Today, he has a full-time job with Stanley Construction and is on his way to starting a building apprenticeship.
It all happened on a bit of a whim.
Vi Ara was enrolled in a full-time employment course with the Salvation Army, when Stanley Group manufacturing manager Sean Woods and modular factory manager Gary Jackson came to talk to the students.
The employment course was run in a building across the road from the Stanley modular factory.
‘‘Gary and I went over for what we thought would be a five minute chat but it turned into about 40 minutes,’’ said Mr Woods.
Employment broker Paul Johnstone had asked the pair to speak to the students about what employers are looking for in an interview.

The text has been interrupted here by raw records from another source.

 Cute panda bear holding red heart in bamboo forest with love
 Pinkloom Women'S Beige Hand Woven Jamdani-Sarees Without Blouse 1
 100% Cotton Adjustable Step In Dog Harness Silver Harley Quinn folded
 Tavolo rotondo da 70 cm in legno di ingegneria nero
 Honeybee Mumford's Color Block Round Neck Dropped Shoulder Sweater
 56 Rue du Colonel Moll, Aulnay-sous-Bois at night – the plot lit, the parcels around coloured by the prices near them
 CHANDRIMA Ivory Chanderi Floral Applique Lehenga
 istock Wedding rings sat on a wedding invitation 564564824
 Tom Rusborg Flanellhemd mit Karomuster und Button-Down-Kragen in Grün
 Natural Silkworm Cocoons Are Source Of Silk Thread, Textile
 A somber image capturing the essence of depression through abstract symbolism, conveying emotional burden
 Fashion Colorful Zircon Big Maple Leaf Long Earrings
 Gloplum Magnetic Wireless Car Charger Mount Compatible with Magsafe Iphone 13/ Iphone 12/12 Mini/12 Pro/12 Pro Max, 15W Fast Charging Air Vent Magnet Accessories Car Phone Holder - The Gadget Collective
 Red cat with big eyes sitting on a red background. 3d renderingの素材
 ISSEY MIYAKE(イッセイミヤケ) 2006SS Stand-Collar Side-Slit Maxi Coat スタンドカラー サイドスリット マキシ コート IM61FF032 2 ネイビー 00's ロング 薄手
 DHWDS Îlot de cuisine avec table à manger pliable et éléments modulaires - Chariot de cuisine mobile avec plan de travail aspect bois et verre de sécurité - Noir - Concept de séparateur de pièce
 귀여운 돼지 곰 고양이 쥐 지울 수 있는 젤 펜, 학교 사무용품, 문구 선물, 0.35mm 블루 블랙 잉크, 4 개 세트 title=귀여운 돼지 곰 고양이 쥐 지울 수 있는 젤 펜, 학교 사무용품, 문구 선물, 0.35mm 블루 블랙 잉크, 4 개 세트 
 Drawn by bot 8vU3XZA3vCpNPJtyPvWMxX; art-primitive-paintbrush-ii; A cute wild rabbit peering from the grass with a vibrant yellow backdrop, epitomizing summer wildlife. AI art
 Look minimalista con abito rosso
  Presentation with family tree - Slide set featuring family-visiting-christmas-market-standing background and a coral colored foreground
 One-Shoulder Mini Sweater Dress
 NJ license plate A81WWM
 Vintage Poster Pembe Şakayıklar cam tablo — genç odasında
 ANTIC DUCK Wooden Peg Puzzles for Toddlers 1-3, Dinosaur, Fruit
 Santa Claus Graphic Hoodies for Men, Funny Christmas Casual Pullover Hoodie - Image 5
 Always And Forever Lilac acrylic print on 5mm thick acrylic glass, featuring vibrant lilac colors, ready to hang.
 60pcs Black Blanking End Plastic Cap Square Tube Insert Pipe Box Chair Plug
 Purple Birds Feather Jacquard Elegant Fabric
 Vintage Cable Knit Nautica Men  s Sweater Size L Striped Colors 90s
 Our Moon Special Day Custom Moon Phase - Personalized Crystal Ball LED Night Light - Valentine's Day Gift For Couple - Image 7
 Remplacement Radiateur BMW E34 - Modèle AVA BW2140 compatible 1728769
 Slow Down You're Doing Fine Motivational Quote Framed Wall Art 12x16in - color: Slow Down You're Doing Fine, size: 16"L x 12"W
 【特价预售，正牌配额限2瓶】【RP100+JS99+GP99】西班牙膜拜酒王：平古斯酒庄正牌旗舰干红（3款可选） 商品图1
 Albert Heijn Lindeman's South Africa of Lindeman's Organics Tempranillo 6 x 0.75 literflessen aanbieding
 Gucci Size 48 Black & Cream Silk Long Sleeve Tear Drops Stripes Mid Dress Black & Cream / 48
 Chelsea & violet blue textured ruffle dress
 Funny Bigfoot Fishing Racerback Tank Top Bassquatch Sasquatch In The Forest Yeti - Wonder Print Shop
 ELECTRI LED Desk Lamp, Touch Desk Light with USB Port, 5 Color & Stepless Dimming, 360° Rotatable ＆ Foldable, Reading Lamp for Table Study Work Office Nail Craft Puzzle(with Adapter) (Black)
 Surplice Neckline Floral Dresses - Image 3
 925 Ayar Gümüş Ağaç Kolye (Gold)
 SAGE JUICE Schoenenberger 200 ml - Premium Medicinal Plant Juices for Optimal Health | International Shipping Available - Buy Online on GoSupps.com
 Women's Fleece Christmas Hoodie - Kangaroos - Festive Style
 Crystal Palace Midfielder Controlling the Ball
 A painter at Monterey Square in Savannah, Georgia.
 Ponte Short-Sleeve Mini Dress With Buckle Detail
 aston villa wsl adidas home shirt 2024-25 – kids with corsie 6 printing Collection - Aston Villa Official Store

‘‘It’s a really difficult question to answer but we basically told them what we were looking for and what we would expect to see,’’ said Mr Woods.
‘‘On the spot, I told Paul, ‘ choose your best five candidates and I’ll interview them as a dummy, pretending there’s a job at the end’.’’
Mr Johnstone chose five students, one of them Vi Ara, and they set up formal interview times for each.
‘‘Completely off the cuff, I agreed out of those five I would hire one when the time was right for us,’’ said Mr Woods.
Of the five, Vi Ara was the only one who turned up to his interview on time and well presented – two of the things Mr Woods had talked to the students about.
‘‘He made the effort,’’ said Mr Woods.
He didn’t make it easy on Vi Ara - he interviewed him twice and Mr Jackson interviewed him a third time.
‘‘In the end, Gary came into my office, put Vi Ara’s CV on my desk and said, ‘that’s the one I want’.’’
They started Vi Ara out on a two-week trial in the modular factory and a few days after his trial ended, presented him with a contract in front of his entire class at the employment course.
‘‘All we want to do is give the right people the right opportunities – then it’s up to them,’’ said Mr Woods.
‘‘The one thing that always shone out about Vi Ara is you only have to ask him something once.’’
Vi Ara has been working as a casual labourer at the modular factory for the last eight weeks and, all going well, Stanley intend to put him through an apprenticeship.
‘‘It’s a happy place, a good environment . . . hard work though,’’ said Vi Ara.
The chance to become a fully qualified builder is a huge opportunity for him and something that he is ‘‘slowly getting a passion for’’.
‘‘Sometimes when I’m with my family I like to talk about work and that’s about it,’’ he said.
‘‘I don’t want to be another big hope and miss the whole subject of getting your dreams achieved.’’
Mr Woods said the other workers ‘‘rave’’ about Vi Ara and if they found more young people like him, they would be happy to hire them. ‘‘He is an absolute diamond. ‘‘ He’s only been with us eight weeks and already he’s proving to be a great team member and an asset to that factory.